▶ _Extracted data entries_:
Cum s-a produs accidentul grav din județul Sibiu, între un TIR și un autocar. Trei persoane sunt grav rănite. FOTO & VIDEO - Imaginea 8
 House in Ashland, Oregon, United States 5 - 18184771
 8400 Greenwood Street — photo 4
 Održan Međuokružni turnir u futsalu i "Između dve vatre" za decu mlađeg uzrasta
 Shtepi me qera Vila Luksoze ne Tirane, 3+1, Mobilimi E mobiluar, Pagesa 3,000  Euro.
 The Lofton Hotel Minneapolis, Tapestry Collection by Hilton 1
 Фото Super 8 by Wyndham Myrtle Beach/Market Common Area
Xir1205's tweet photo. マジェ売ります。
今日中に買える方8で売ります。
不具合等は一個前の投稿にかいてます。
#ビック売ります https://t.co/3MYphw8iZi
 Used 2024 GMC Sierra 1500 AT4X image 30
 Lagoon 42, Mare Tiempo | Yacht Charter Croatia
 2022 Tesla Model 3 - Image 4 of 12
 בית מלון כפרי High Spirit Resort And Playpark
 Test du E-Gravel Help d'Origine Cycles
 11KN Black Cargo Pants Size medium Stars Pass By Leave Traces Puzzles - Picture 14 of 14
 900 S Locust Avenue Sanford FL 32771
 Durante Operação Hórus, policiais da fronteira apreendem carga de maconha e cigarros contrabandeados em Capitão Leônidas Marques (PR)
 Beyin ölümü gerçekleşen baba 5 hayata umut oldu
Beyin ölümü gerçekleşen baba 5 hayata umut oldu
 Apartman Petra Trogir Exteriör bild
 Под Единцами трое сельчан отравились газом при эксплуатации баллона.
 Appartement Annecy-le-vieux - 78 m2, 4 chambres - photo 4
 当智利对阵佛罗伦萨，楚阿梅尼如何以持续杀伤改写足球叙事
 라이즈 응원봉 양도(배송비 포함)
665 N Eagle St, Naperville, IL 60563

▶ _What you need to do_: An exact copy is needed of the lines from the one containing "Appartement Annecy-le-vieux - 78" through the end of the records.

▶ _Answer to the problem_:
 Appartement Annecy-le-vieux - 78 m2, 4 chambres - photo 4
 当智利对阵佛罗伦萨，楚阿梅尼如何以持续杀伤改写足球叙事
 라이즈 응원봉 양도(배송비 포함)
665 N Eagle St, Naperville, IL 60563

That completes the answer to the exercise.